About this exercise: Exactly retype the lines below from the one containing "À louer et à" through the end of the listing. Leave pictures out.

Data Block Start

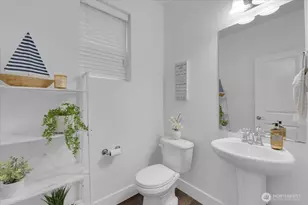 20704 2nd Ave W, Lynnwood, WA 98036 - Photo 17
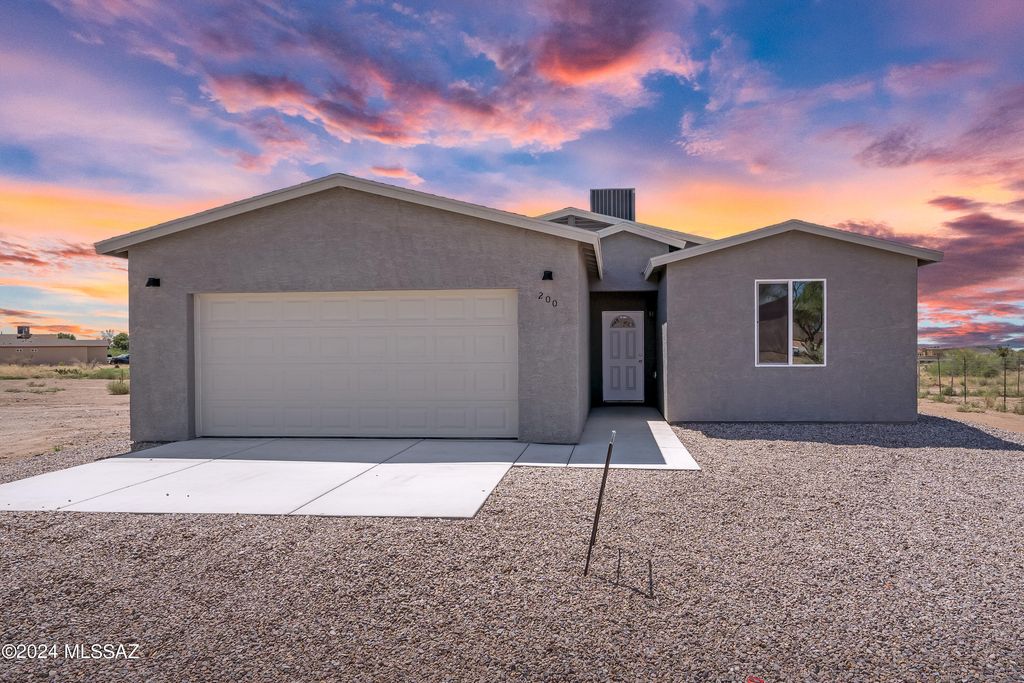 155 S Montgomery Avenue, Corona De Tucson, AZ 85641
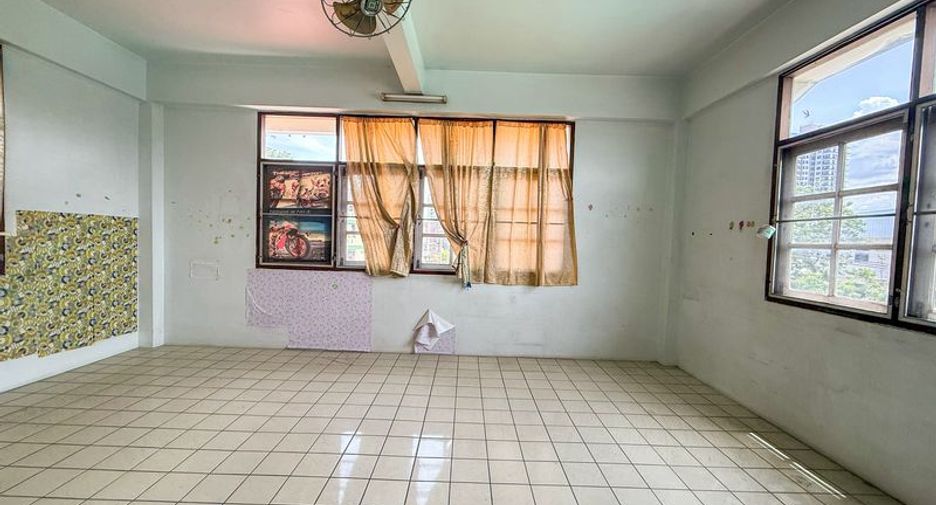À louer et à vendre terrain à Si Racha, Chonburi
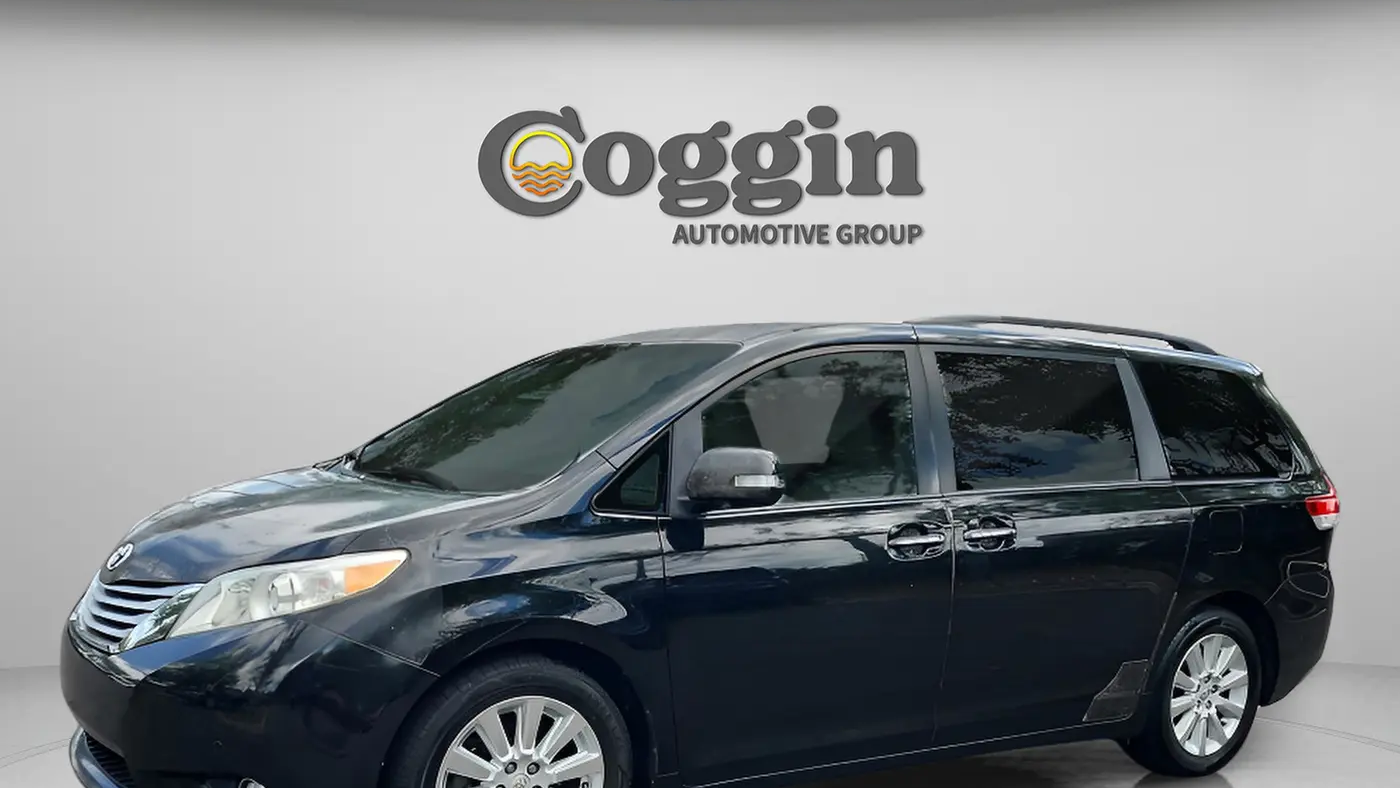 Preowned 2014 Toyota Sienna XLE 7-Passenger Auto Access Seat for Sale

Data Block End

Written solution:
À louer et à vendre terrain à Si Racha, Chonburi
 Preowned 2014 Toyota Sienna XLE 7-Passenger Auto Access Seat for Sale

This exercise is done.